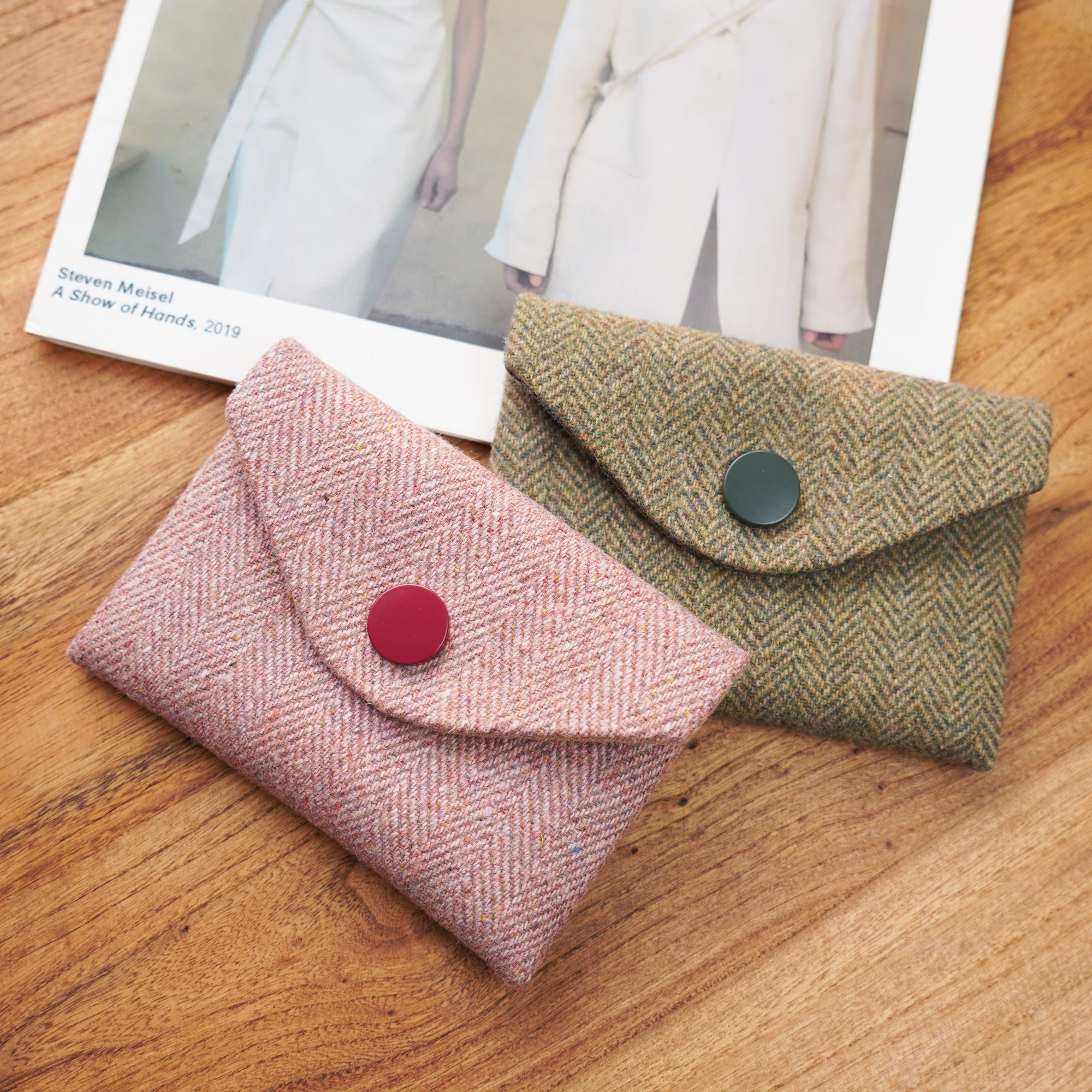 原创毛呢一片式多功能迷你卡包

....

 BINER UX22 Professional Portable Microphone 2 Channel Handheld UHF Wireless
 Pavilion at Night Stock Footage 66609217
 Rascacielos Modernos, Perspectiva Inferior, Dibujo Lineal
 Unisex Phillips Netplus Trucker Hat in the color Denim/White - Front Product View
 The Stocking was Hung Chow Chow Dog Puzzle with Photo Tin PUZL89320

....

Your answer must consist solely of the lines above between the line holding "BINER UX22 Professional" and the line holding "The Stocking was", inclusive, copied exactly.

 BINER UX22 Professional Portable Microphone 2 Channel Handheld UHF Wireless
 Pavilion at Night Stock Footage 66609217
 Rascacielos Modernos, Perspectiva Inferior, Dibujo Lineal
 Unisex Phillips Netplus Trucker Hat in the color Denim/White - Front Product View
 The Stocking was Hung Chow Chow Dog Puzzle with Photo Tin PUZL89320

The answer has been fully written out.